__Work instructions__. Lines from the one with "Suzuki Intruder VS800 GL - 2" up to and including the one with "LESTER - Residential" are to be copied exactly from the records below, without their pictures.

__Input data__.
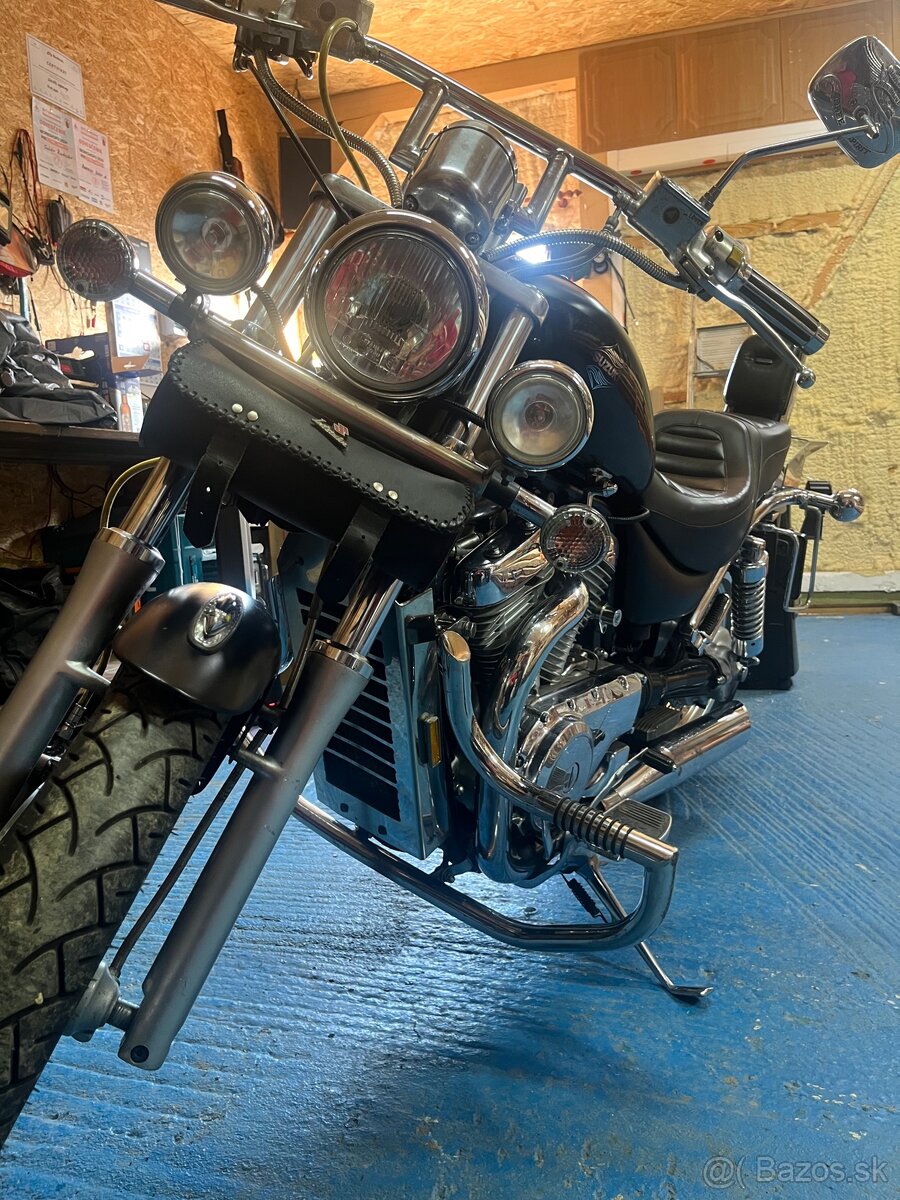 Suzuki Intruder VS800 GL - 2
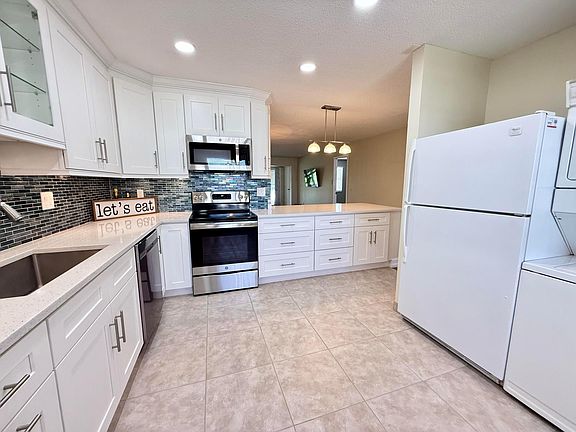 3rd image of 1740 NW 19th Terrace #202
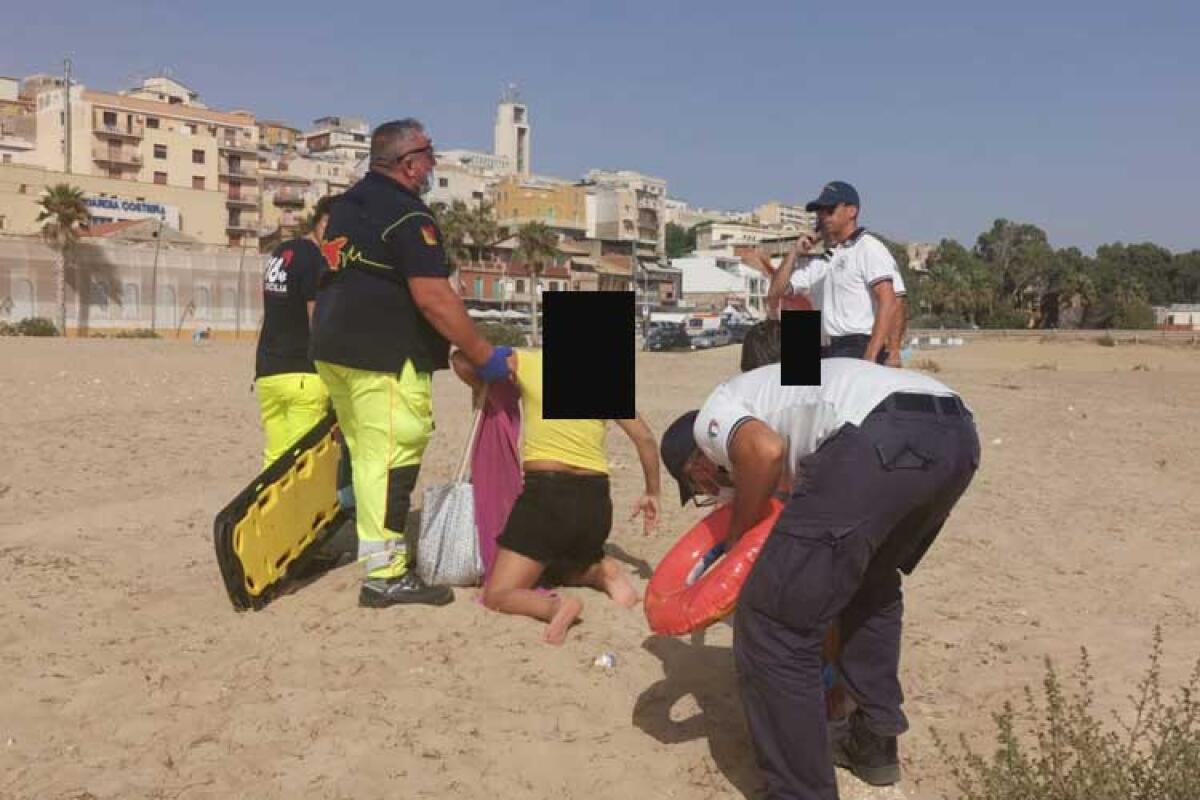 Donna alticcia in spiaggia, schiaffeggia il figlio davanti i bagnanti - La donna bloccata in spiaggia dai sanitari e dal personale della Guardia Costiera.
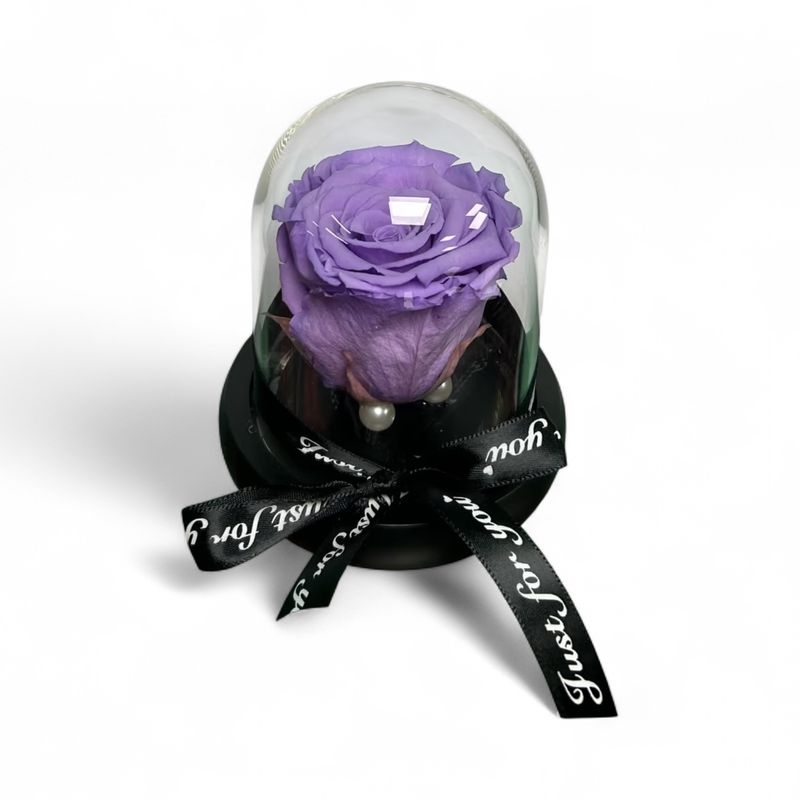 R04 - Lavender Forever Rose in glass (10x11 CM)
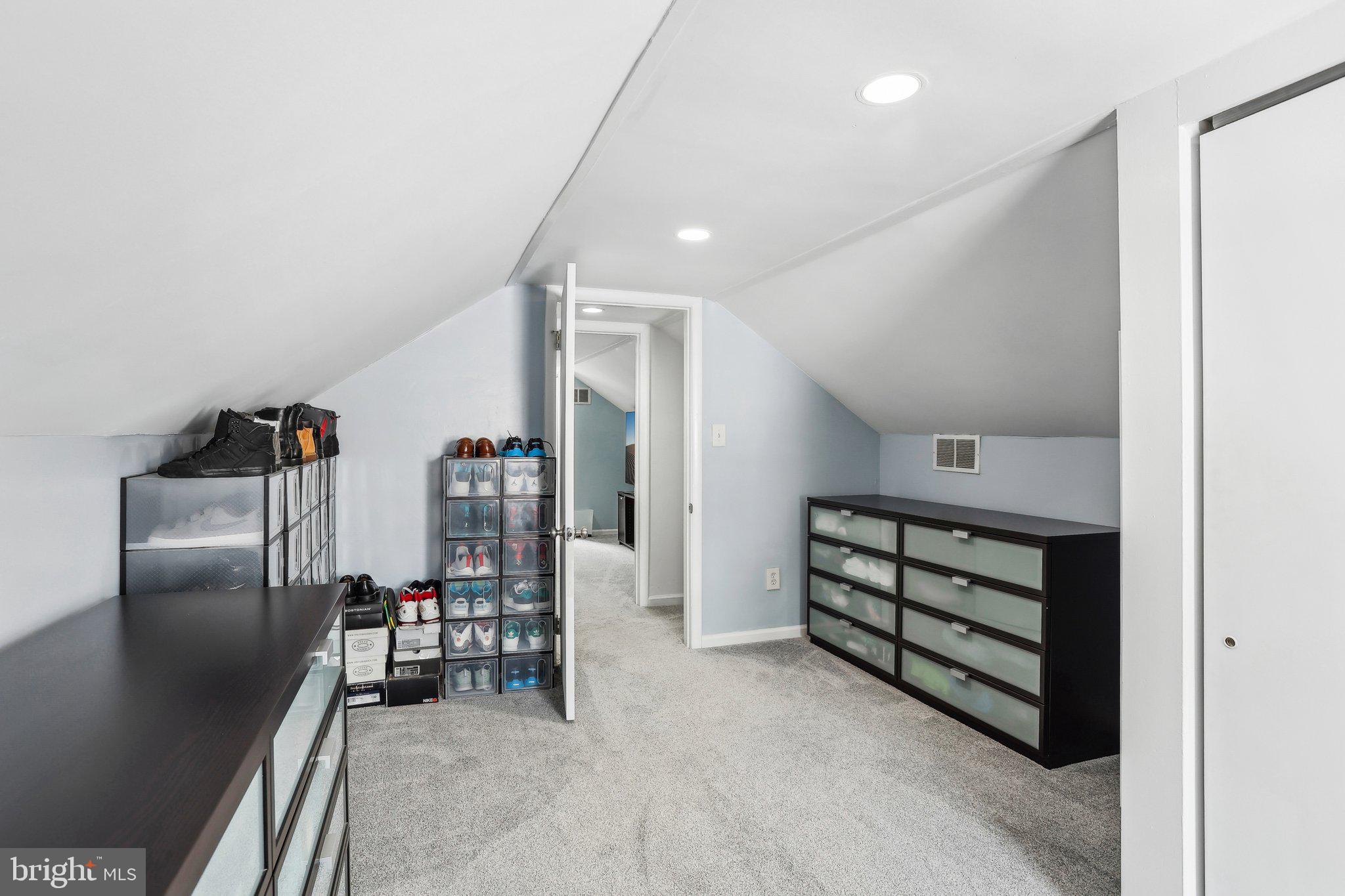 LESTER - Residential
...
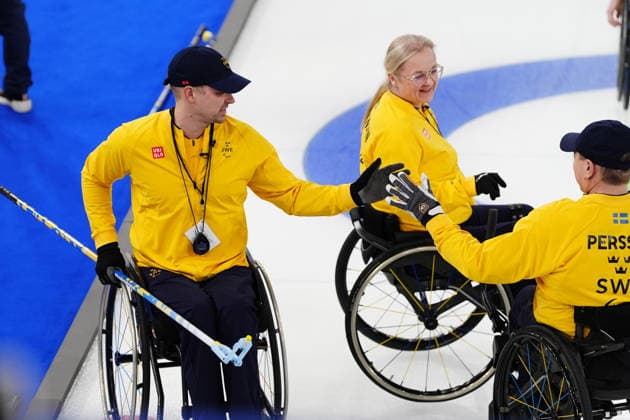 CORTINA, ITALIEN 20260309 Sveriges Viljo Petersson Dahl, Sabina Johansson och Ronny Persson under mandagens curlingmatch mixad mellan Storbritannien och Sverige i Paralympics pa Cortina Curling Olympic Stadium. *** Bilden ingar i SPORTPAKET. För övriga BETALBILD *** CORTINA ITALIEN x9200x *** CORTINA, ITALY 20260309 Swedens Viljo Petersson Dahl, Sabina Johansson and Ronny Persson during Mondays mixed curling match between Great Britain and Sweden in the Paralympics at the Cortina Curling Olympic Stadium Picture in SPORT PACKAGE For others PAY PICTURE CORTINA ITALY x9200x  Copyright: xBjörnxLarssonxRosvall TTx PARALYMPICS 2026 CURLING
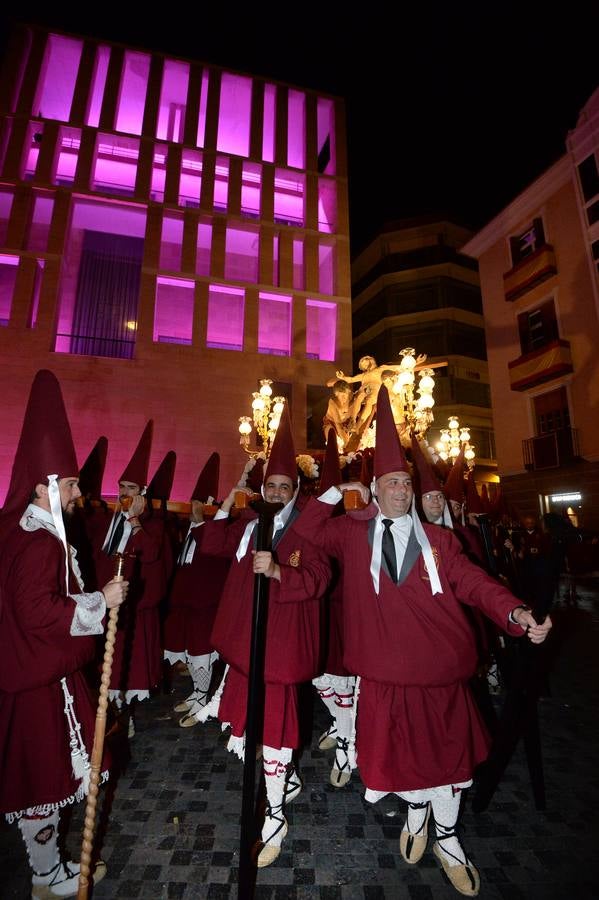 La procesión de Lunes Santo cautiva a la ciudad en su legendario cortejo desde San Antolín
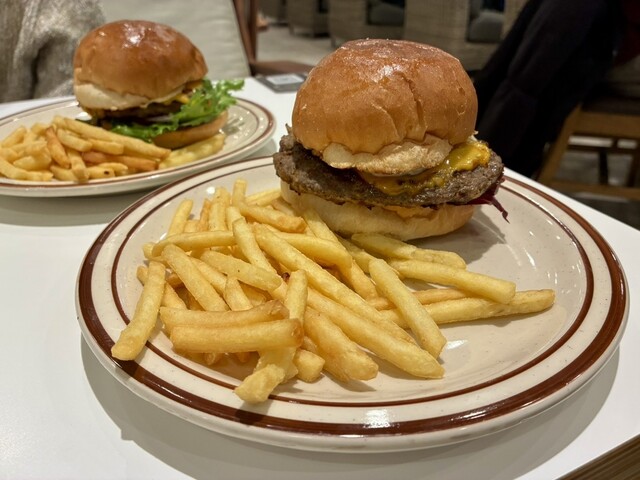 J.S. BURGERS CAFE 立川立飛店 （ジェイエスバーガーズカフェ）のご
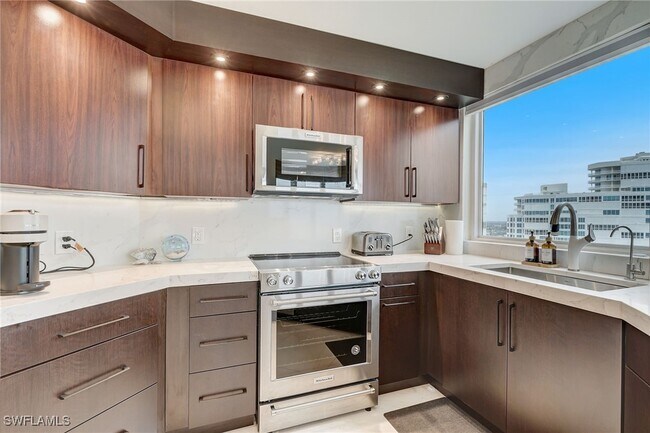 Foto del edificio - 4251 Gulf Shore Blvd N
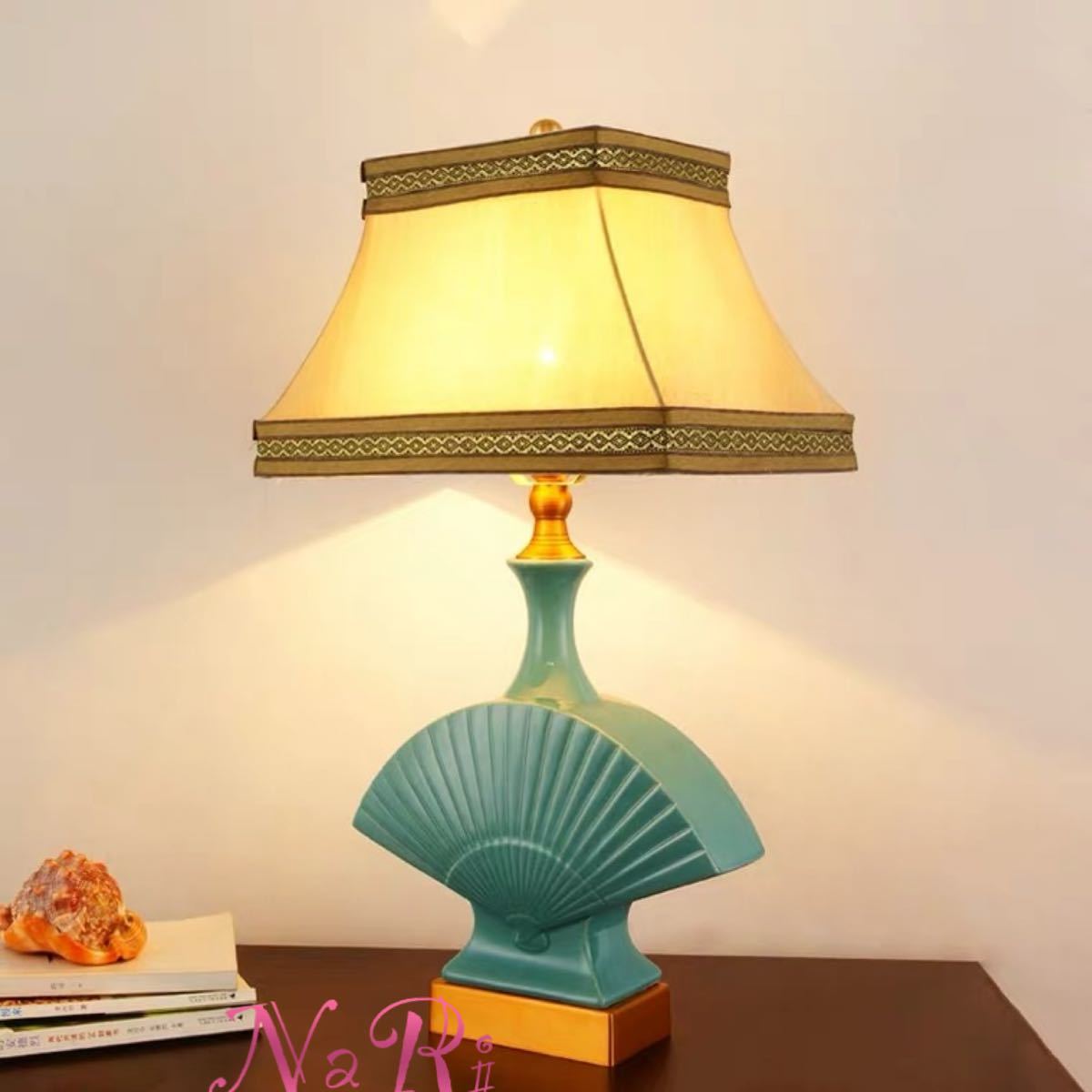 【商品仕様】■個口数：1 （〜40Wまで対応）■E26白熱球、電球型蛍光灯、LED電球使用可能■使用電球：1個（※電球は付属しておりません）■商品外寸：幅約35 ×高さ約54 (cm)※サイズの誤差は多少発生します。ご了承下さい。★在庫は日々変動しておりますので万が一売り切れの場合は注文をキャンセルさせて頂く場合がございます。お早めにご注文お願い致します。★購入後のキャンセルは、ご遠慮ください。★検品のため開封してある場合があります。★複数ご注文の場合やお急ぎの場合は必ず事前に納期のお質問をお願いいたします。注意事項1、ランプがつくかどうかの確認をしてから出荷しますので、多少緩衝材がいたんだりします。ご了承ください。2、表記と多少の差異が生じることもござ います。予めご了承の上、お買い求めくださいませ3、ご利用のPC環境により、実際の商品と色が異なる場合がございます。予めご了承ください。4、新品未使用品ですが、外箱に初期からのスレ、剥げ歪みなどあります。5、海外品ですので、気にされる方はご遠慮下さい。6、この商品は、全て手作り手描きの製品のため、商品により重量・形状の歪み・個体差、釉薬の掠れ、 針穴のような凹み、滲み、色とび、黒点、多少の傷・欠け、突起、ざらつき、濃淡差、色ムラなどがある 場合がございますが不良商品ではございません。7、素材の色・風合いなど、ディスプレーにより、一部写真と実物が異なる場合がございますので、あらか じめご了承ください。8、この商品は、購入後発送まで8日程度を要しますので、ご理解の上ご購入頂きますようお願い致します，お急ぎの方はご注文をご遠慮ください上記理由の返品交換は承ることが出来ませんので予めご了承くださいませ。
...
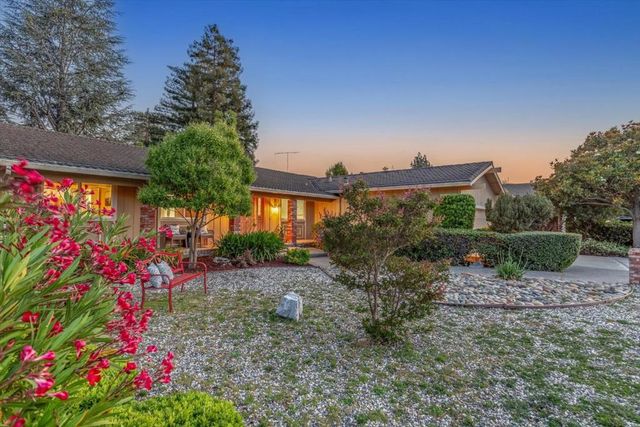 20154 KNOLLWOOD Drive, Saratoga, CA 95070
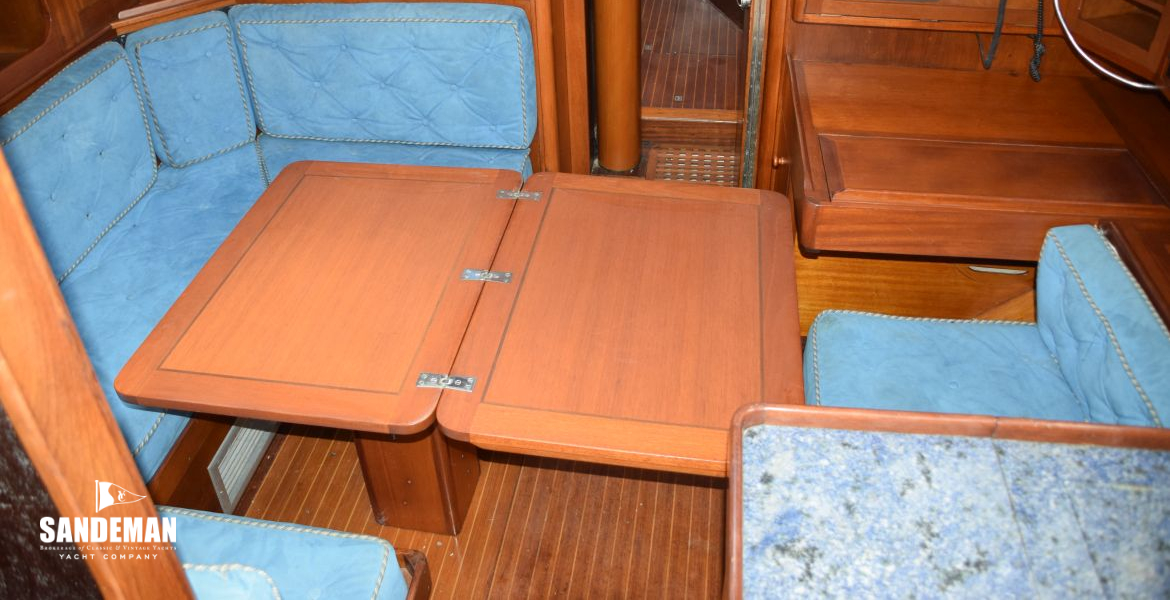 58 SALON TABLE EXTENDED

__Reply__.
 Suzuki Intruder VS800 GL - 2
 3rd image of 1740 NW 19th Terrace #202
 Donna alticcia in spiaggia, schiaffeggia il figlio davanti i bagnanti - La donna bloccata in spiaggia dai sanitari e dal personale della Guardia Costiera.
 R04 - Lavender Forever Rose in glass (10x11 CM)
 LESTER - Residential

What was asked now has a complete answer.